I think we should encourage metalheads and classicalheads (heh) to meet halfway.

One comment shows the difficulty of our task, however:



> It's hilarious checking out that forum and finding such a contrast - here we find metalheads who all have a huge respect for classical music, who are educated about it and have listened to it, and at that forum are people who are supposedly above everyone else because they're classical music purists, don't understand metal and berate and belittle everyone who has something to say about it. I love it.
> 
> http://www.returntothepit.com/view.php?formid=52154


Metalheads are used to people slagging their music, so the hostile responses here fit into a stereotype. They're counterproductive.

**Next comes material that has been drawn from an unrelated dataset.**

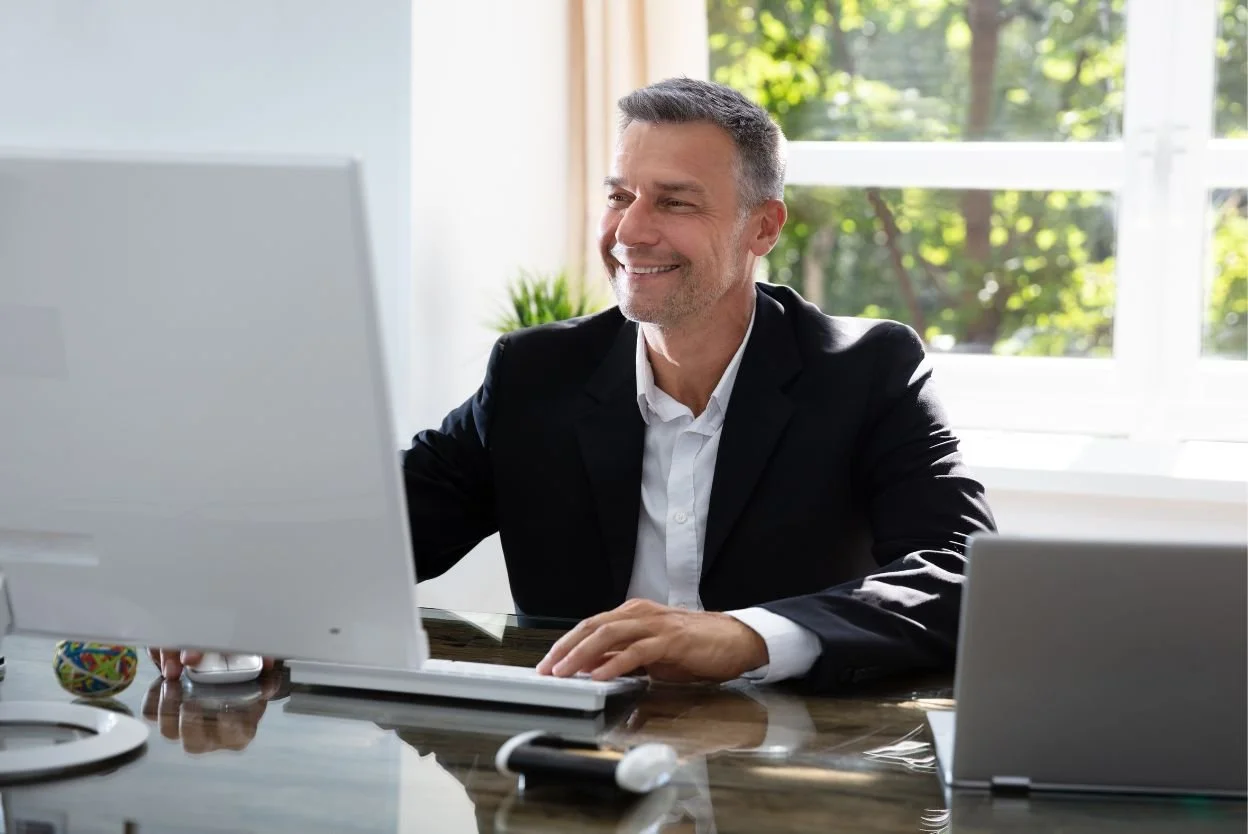 executive-at-desk-computer.jpg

If we are open to people coming in and learning more, we may get another generation of fans from this genre.

Thoughts appreciated.


----------



## Conservationist (Apr 5, 2007)

To make it crystal clear what I see as "hostile responses":



Herzeleide said:


> None, zero, zilch; don't go near it, it's terrible.





Bach said:


> Metal is the worst genre of pop music. Funk, hip-hop and reggae are the best.





Bach said:


> metalheads are ugly and gross. Those 'metal' girls make me want to hurl and the boys look like smelly unkempt yokels with tasteless, revolting piercing through every flap of skin. (and if they don't look like that that's only because they're too pussy or their mum won't let them - not through want of desire) They all look brain dead (which they must be) and they all deserve to be shot.





Bach said:


> Nobody of any worth is a metalhead.





Bach said:


> Or we could just ban anyone who expresses even the vaguest interest in becoming interested in becoming interested in metal. Or we could just stone them.. that's always a viable option.





sam richards said:


> It is the fact Conservationist and most of the ANUSites (yes, you included) pretend to know about classical music when it's obvious that doesn't have the knowledge to discuss Classical. This is not a Metal forum.





Mirror Image said:


> That reason alone, and the fact that I hate metal or any kind of "music" which lacks real musicianship, should be reason enough to avoid it.





Bach said:


> But we still hate you and think your facile and pretentious breed of pop music is only fit to line a dust bin.





Bach said:


> They're all geeky satanists and their music sounds like sped up computerised noise with foul vocals and laughable subject matters.





Mirror Image said:


> Real musicians don't play metal, they play classical and jazz. Rock, metal, country, etc. are all styles of music that were created, in my opinion, because these "musicians" couldn't play classical or jazz and obviously showed no desire to do so, which in turn, means they don't understand the kind of commitment it takes to become a virtuoso on their instrument. But instrumentalists aside, there aren't any rewarding qualities about metal that interests me.





Mirror Image said:


> That was a hilarious post. Thanks for the laugh.





Mirror Image said:


> You won't be seeing me listening to metal either....ever. I don't listen to nonsense.





Bach said:


> Metal isn't musicians music. I simply don't know any musicians of considerable talent who value it as an art form...as if these drugged out D- students have any right to discuss anything academic..





Mirror Image said:


> Metal is nonsense. It's all rooted in something that doesn't serve any purpose. It's only purpose, it seems, is to make people bash beer bottles on their heads and run around in a mosh pit like some uncivilized tribal ritual. The only difference here is people get hurt for no reason.


----------



## Dim7 (Apr 24, 2009)

Bombastic orchestral pieces often come to mind when classical is recommended for metalhead, but the string quartet genre has some headbanging material as well. For some reason string instruments sound sharper and harsher when they aren't backed up by other string instruments playing the same notes, while string orchestra on the other hand has usually this smooth, velvety sound.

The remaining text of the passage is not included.